We show that, for our experiments, a main difference across devices and acquisition campaigns is a DC offset, and this difference decreases very much the performance of template attacks (Sect. 4). To compensate for differences between devices or campaigns we evaluate several variants of the template attack (Sect. 5). One of them needs multiple profiling devices, but can improve significantly the performance of template attacks when using sample selection as the compression method (Sect. 5.3). However, based on detailed analysis of Fisher’s Linear Discriminant Analysis (LDA) and Principal Component Analysis (PCA), we explain how to use these compression techniques to maximise the performance of template attacks on different devices, even when profiling on a single device (Sect. 5.4).

Overall, our results show that a good choice of compression method and parameters can dramatically improve template attacks across different devices or acquisition campaigns. Previous studies [12, 14] may have missed this by evaluating only one compression method.

2 Template Attacks

To implement a template attack, we need physical access to a pair of devices of the same model, which we refer to as the profiling and the attacked device. We wish to infer some secret value \({k}{\star }\in \mathcal {S}\), processed by the attacked device at some point. For an 8-bit microcontroller, \(\mathcal {S}=\{0,\ldots ,255\}\) might be the set of possible byte values manipulated by a particular machine instruction.

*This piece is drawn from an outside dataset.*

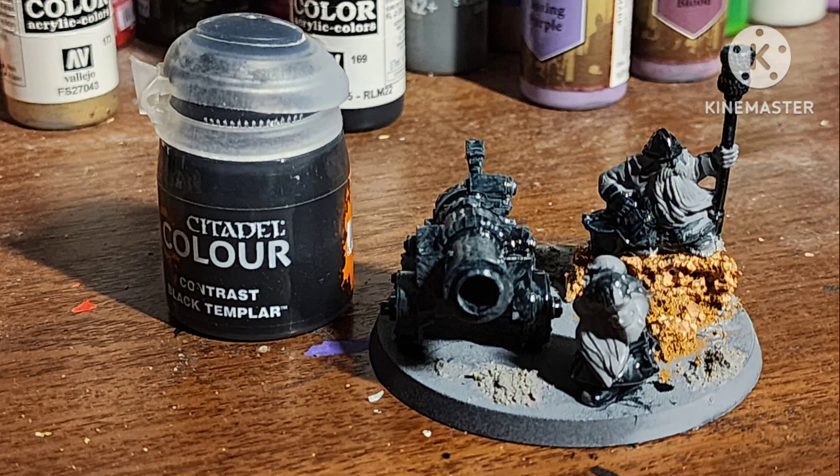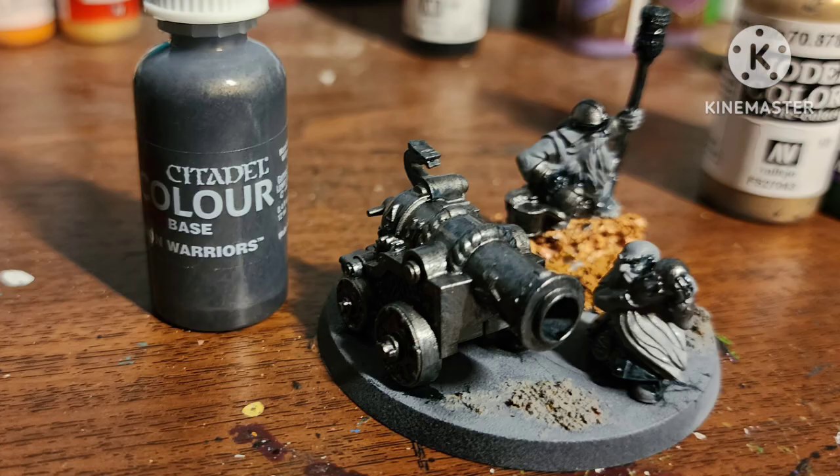Today I'll be showing you how I painted this retro tiny dwarf cannon for Warhammer. After a primer of gray, I quickly painted all the metallic areas with a black contrast, then went over all the silver areas with Iron Warrior by Citadel.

We assume that we determined the approximate moments of time when the secret value \({k}{\star }\) is manipulated and we are able to record signal traces (e.g., supply current or electromagnetic waveforms) around these moments. We refer to these traces as leakage vectors. Let \(\{t_1,\ldots ,t_{{m}^{\mathrm {\text {r}}}}\}\) be the set of time samples and \(\mathbf {x}^\text {r}\in \mathbb {R}^{{m}^{\mathrm {\text {r}}}}\) be the random vector from which leakage traces are drawn.

During the profiling phase we record \(n_{\mathrm {p}}\) leakage vectors \({\mathbf {x}}^{\text {r}}_{{k}{i}}\in \mathbb {R}^{{m}^{\mathrm {\text {r}}}}\) from the profiling device for each possible value \(k\in \mathcal {S}\), and combine these as row vectors \({{\mathbf {x}}^{\text {r}}_{{k}{i}}}'\) in the leakage matrix \(\mathbf {X}^{\text {r}}_{k}\in \mathbb {R}^{n_{\mathrm {p}}\times {m}^{\mathrm {\text {r}}}}\).Footnote 1

Typically, the raw leakage vectors \({\mathbf {x}}^{\text {r}}_{{k}{i}}\) provided by the data acquisition device contain a very large number \({m}^{\mathrm {\text {r}}}\) of samples (random variables), due to high sampling rates used. Therefore, we might compress them before further processing, either by selecting only a subset of \({m}^{\mathrm {}}\ll {m}^{\mathrm {\text {r}}}\) of those samples, or by applying some other data-dimensionality reduction method, such as Principal Component Analysis (PCA) or Fisher’s Linear Discriminant Analysis (LDA).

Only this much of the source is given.